Poor data quality and a lack of real visibility into the context of data underneath BI systems can lead to faulty decisions with huge impacts on earnings. Bad BI data is like bad debt and comes at a steep cost. An estimated $3.1 trillion is lost per year in the United States alone due to poor data quality, and the costs and labor involved in realigning or repairing the data that business leaders need.
Executives want confidence that they see exactly the data they need – and that it hasn’t been changed or altered inadvertently anywhere in its journey from its source to the dashboard.
An imminent data explosion
The clock is always running out on business decisions. Changing strategy based on the wrong data is disastrous. Failing to move by missing key indicators is an equally bad option.
Is the data entering BI systems a ticking time bomb for business leaders? It used to be common for a decision support system to subscribe to a handful of data providers – perhaps an internal accounting feed, economic indexes, an industry report.
Now, data can come from everywhere: from millions of connected users on apps, thousands of news feeds and sources, a universe of millions of IoT devices and automated reporting processes. We’ve seen massive expansion in the scope of data, thanks to decreased storage costs, increased computing power, and the move to storing everything in elastic public cloud resources and hyperconverged private clouds.
If the trend of 90% of the world’s data being created in the last 2 years continues, you can immediately see that we will run into problems directing this pipeline of data into productive channels. Once manageable repositories and data cubes will become less differentiated data lakes, and eventually data swamps.
Lighting the fuse with data migration
There are already utilities in place within the leading database, BI, and data management vendors for ensuring successful transport “inside the cylinder” of a data pipeline. For instance, you might use BigDataCo’s platform to extract/transfer/load (ETL) data from one data warehouse to another location, and it can do a pretty good job of managing data integrity of that ETL process on a record-for-record basis.
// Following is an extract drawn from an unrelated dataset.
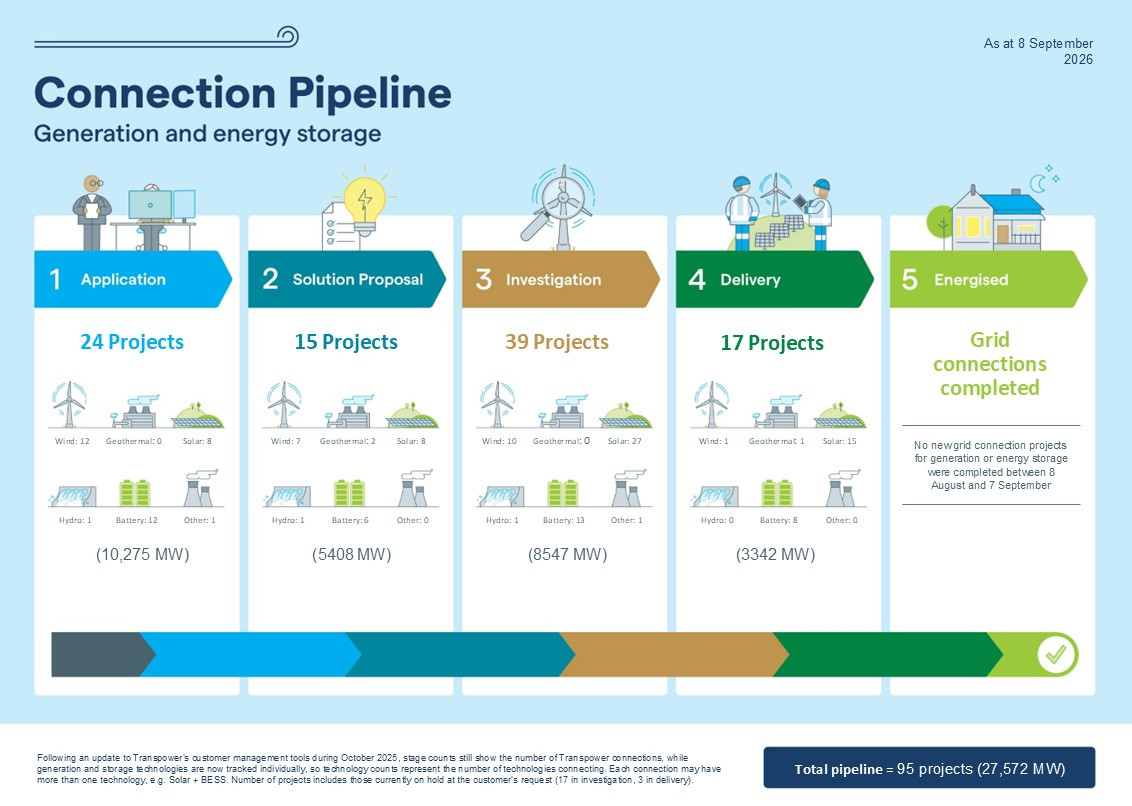 Customer Connections September 2026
Standard migration tools are great for ensuring that data isn’t corrupted while inside the pipeline of one vendor’s approved systems. Unfortunately, businesses are demanding more dimensions of data, and a variety of sophisticated analytics and reporting tools alongside common ones for a competitive edge.
What happens in a BI scenario if you aren’t entirely sure that the data collected from multiple sources was classified and routed to its appropriate destinations? Data needs to arrive with a contextual sense to the decision process it was meant to support.
Data integrity may be a rote process by now, but data interpretation and routing in complex distributed environments is not. It’s no wonder that a majority of the world’s CDOs surveyed say they are unsatisfied with the quality of their business data, and that it is holding them back from faster upgrades.